Both the line with "Image Hager Fiche" and the line with "Parure de Lit" in the records below must appear in the output, along with every line between them, exactly and with nothing added.
==== DATA SECTION
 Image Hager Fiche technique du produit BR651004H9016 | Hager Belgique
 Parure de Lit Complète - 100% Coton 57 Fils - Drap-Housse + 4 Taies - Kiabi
========
==== DATA SECTION
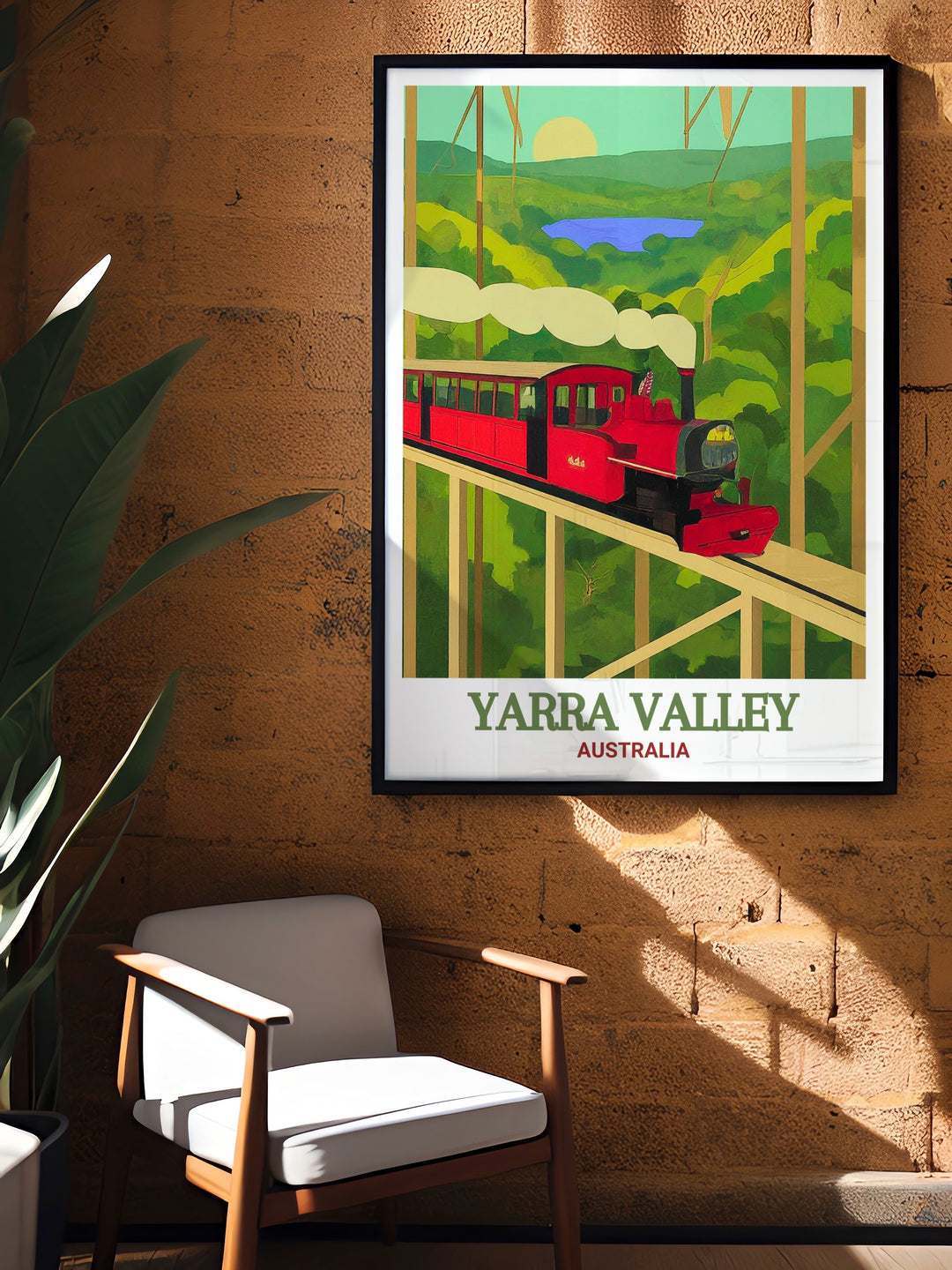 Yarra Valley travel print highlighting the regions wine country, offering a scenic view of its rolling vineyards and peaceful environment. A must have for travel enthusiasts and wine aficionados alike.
========
= TASK RESULT =
 Image Hager Fiche technique du produit BR651004H9016 | Hager Belgique
 Parure de Lit Complète - 100% Coton 57 Fils - Drap-Housse + 4 Taies - Kiabi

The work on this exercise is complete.